Extracted records:
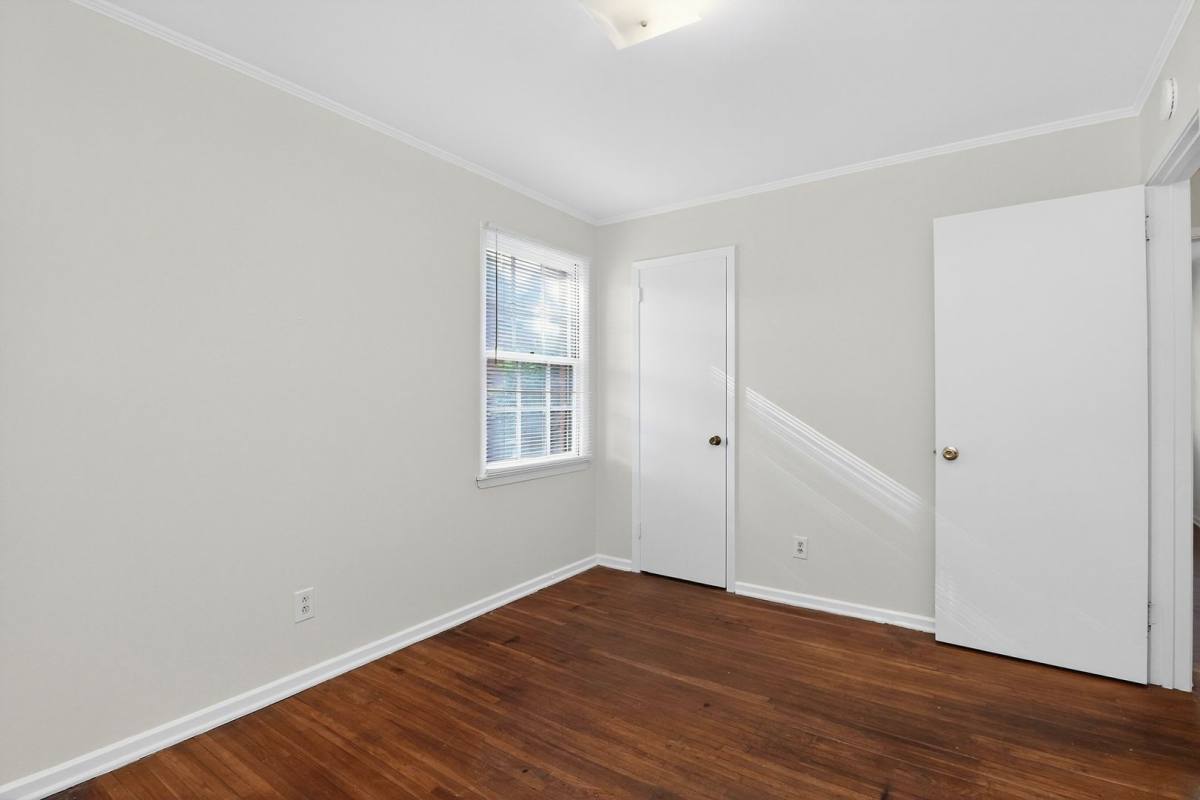 House for rent at 1813 Lasalle St, Charlotte, NC 28216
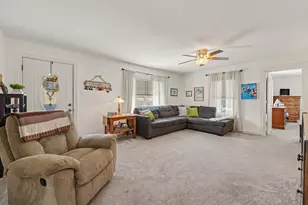 211 Berens St, Dyer, IN 46311 - Photo 4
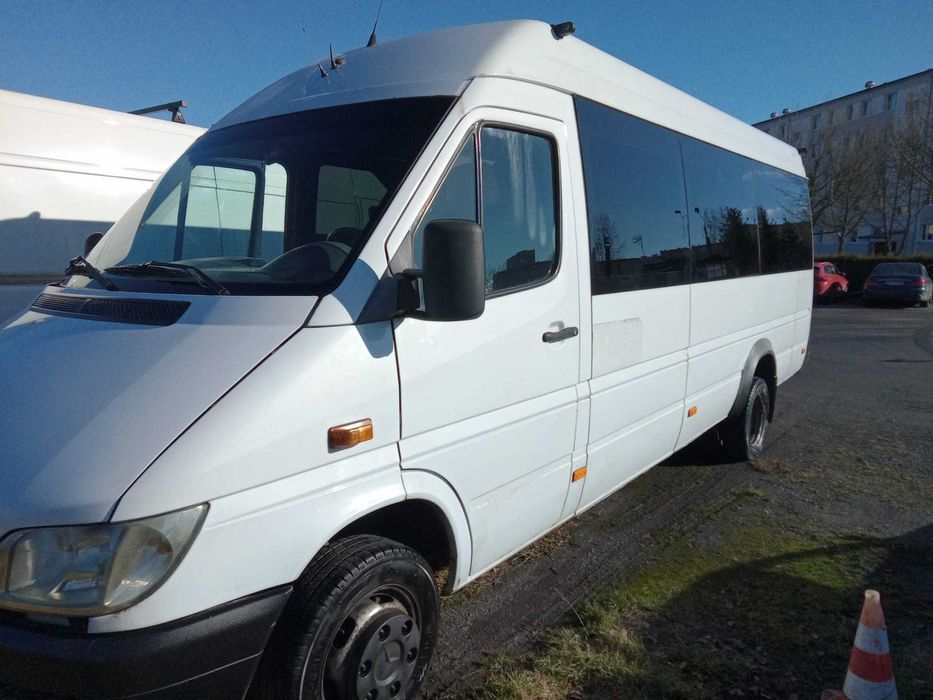 przewóz osób poznań busy wynajem autokarów przewozy pracownicze poznań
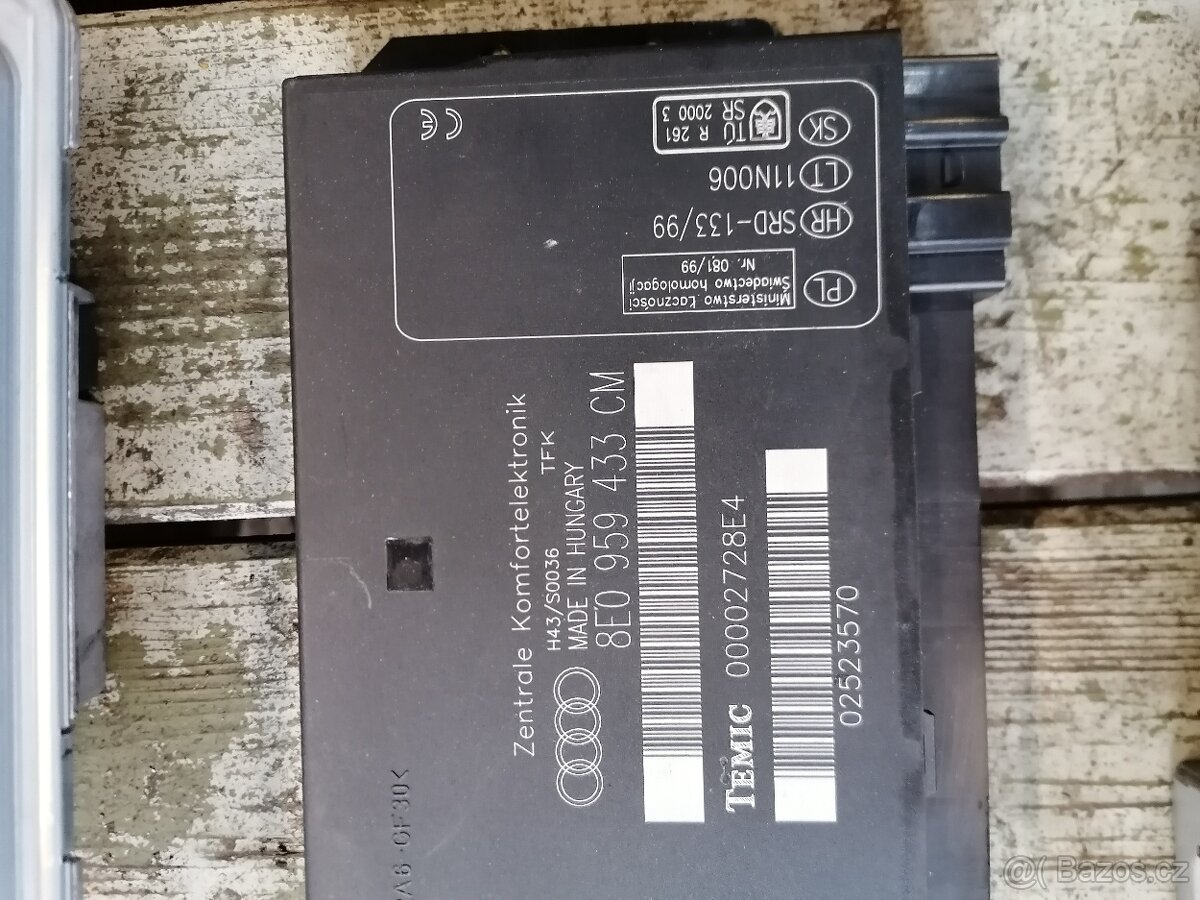 AUDI A4 8E - JEDNOTKY - 6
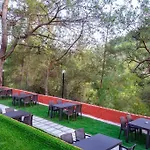 Goekbuek Serenity מלון דירות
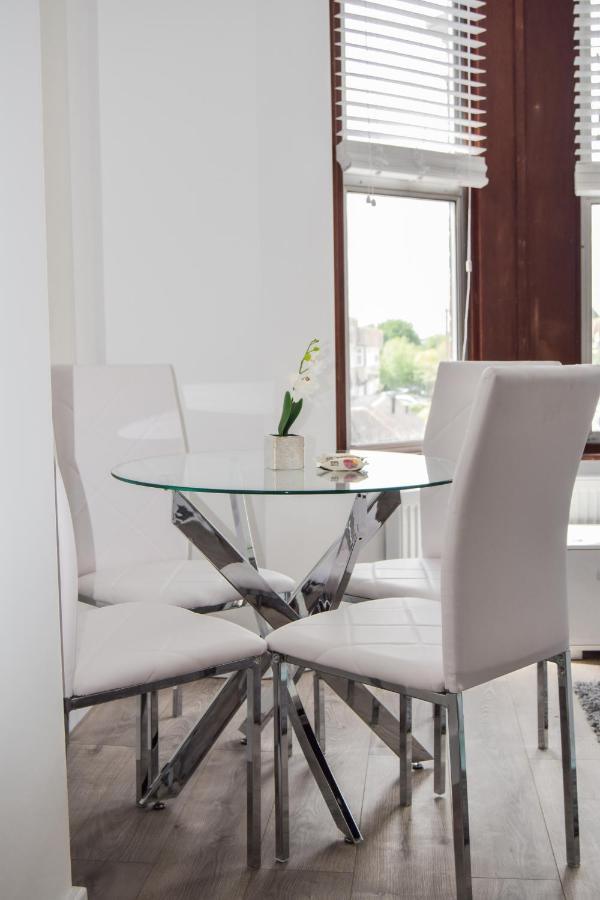 Morland Apartments - Hornchurch Londen Buitenkant foto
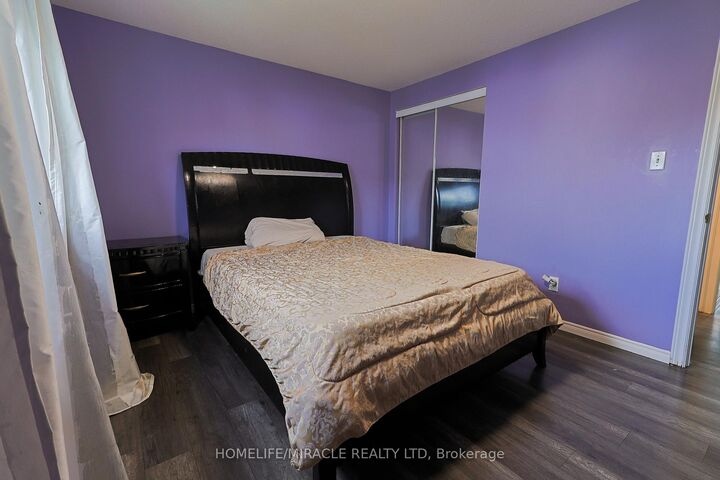 Property Photo: 46 Heatherwood Place ON N2N 3P4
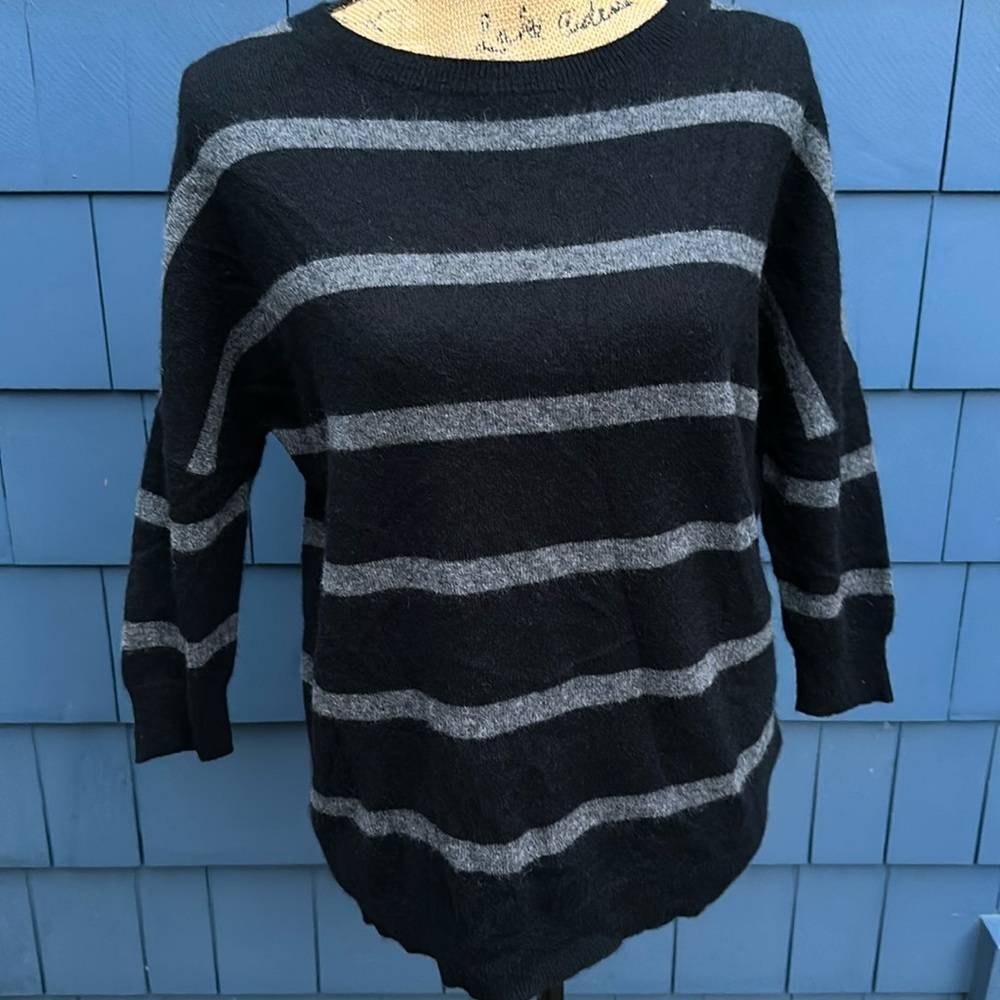 🖤🩶🖤Caslon black grey shirt sleeve sweater cashmere XS runs large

Problem statement: Please return the whole listing exactly. Do not copy its images.

Result of this exercise:
 House for rent at 1813 Lasalle St, Charlotte, NC 28216
 211 Berens St, Dyer, IN 46311 - Photo 4
 przewóz osób poznań busy wynajem autokarów przewozy pracownicze poznań
 AUDI A4 8E - JEDNOTKY - 6
 Goekbuek Serenity מלון דירות
 Morland Apartments - Hornchurch Londen Buitenkant foto
 Property Photo: 46 Heatherwood Place ON N2N 3P4
 🖤🩶🖤Caslon black grey shirt sleeve sweater cashmere XS runs large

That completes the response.